In regard to grades, money won't necessarily improve them, but I'd bet a lack of money will lower them.

One disconnect that results in the perception of Nazareth being a top academic school comes from the honor roll. If anyone has seen the honor and high honor roll list you'd be impressed. It runs for what seems like pages in the US and Key.

Given that you have to wonder how our PSSA test scores aren't higher.

You can also understand why most people think our schools are better than than they are - the kids all get A's.

Now this is an over-generalization, some kids would earn those grades with higher standards and would do very well no matter how much they were challenged, but I'm sure there are others who wouldn't.

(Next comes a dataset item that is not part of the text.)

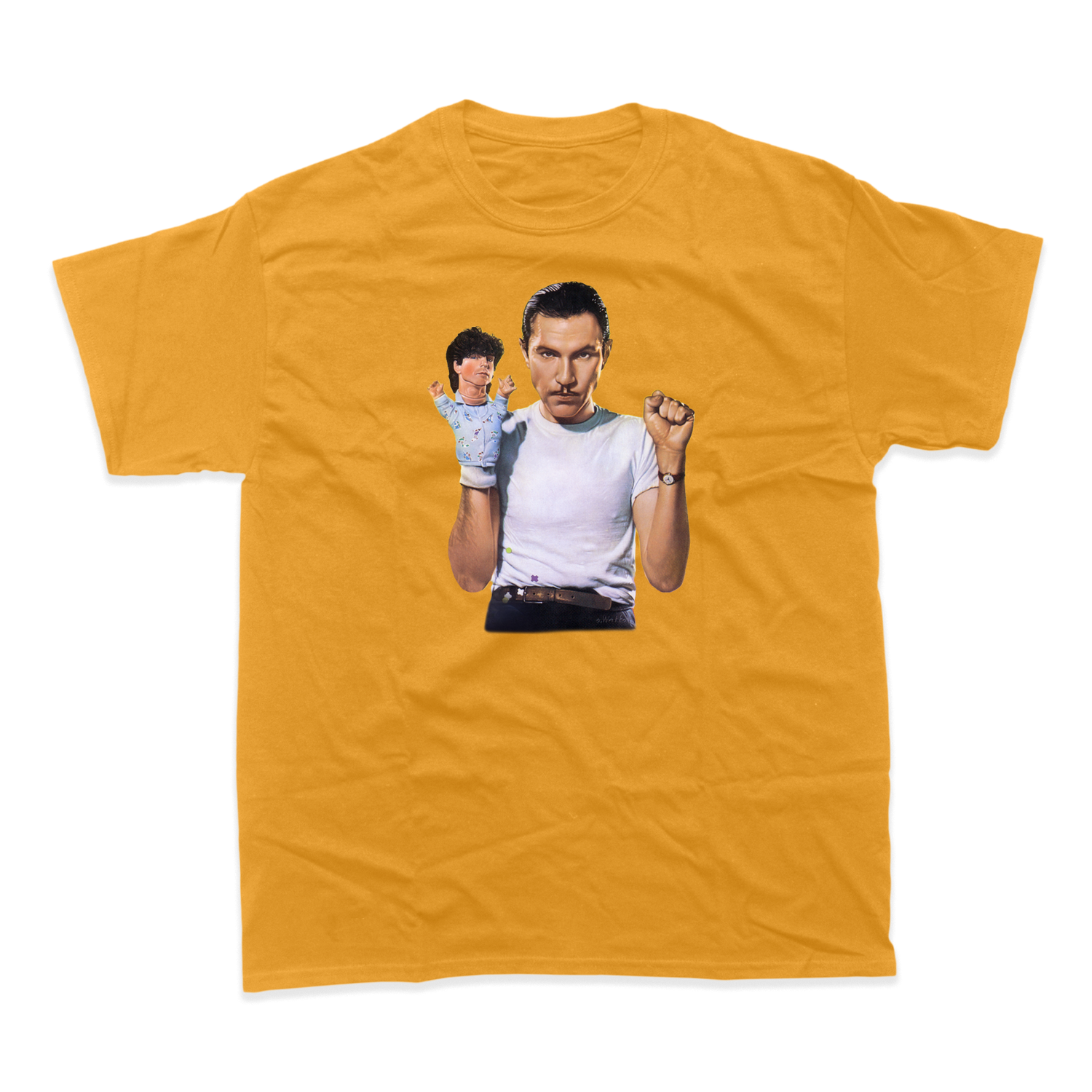 Yellow t-shirt with a printed image of two people on the front.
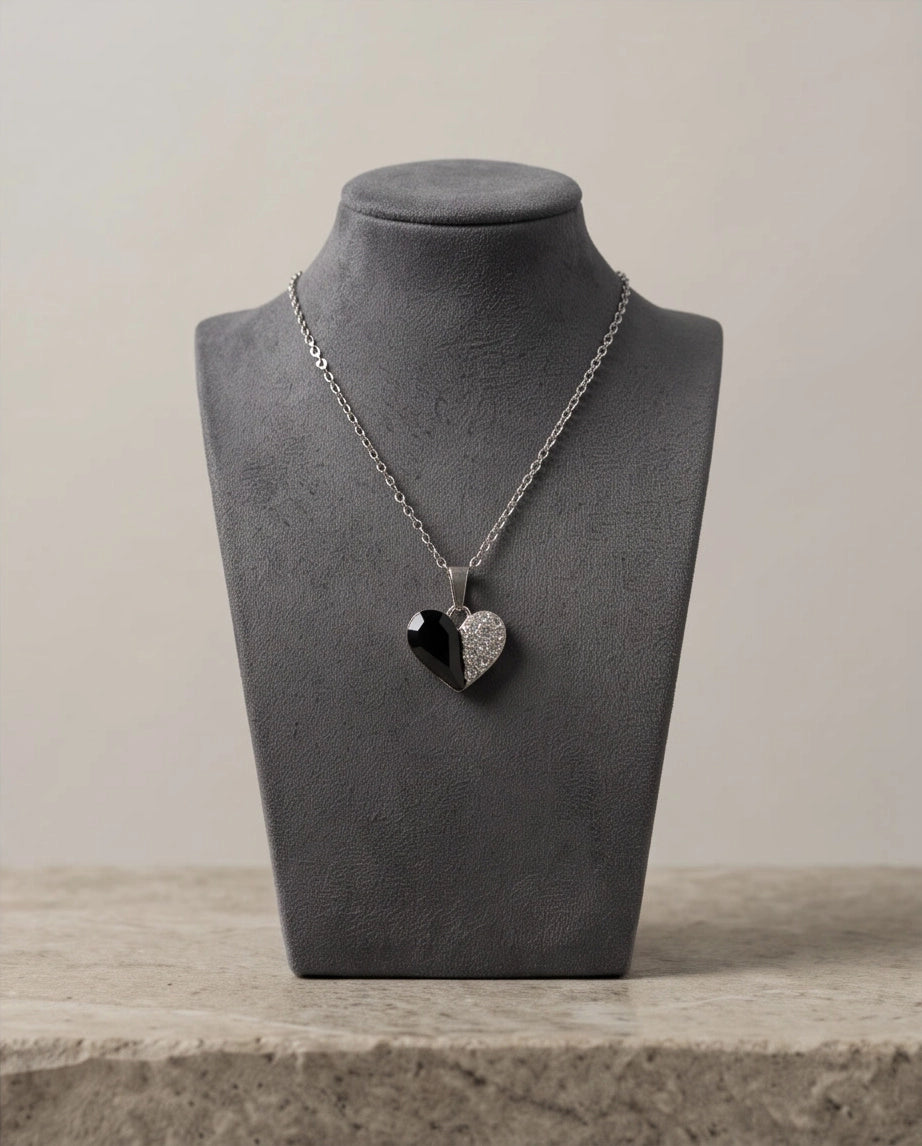 Silver Onyx Heart Pavé Pendant Necklace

At the end of the day, if kids are getting A's and B's, parents are happy, and the schools are good despite the performance on PSSA's compared to other schools which show we are really mid-pack.

If I thought we should be mid-pack, I probably wouldn't care. When I think we should be a top-tier school, have the potential in both staff and student to be there, and are asked to annually pay more money to provide better education, and remain mid-pack it is a concern.

Thanks for the comments and sorry for any confusion with the original closing comment.

lineflat said...

Well put. Agreed. Good conversation here by the way.

Grade inflation is a whole other topic, which I think we would agree on as well.

Yes, once the money drops below a certain level, surely the performance will follow. I don't think we are anywhere near that level.

I just get a little frustrated by all of the people screaming about the failure of the education system, when the roots of declining school performance are to a large degree outside the school. Of course, that's not a popular position for our representatives to take. It's much easier (and acceptable) to point at the school.

Having said all that, I think we share the same concerns about our current budget woes. If there is no real direction or plan for exactly how the dollars are supposed to influence performance, then we are just pi$$ing money away, and spending for the sake of spending.

Gotta get to work. Thanks for the conversation.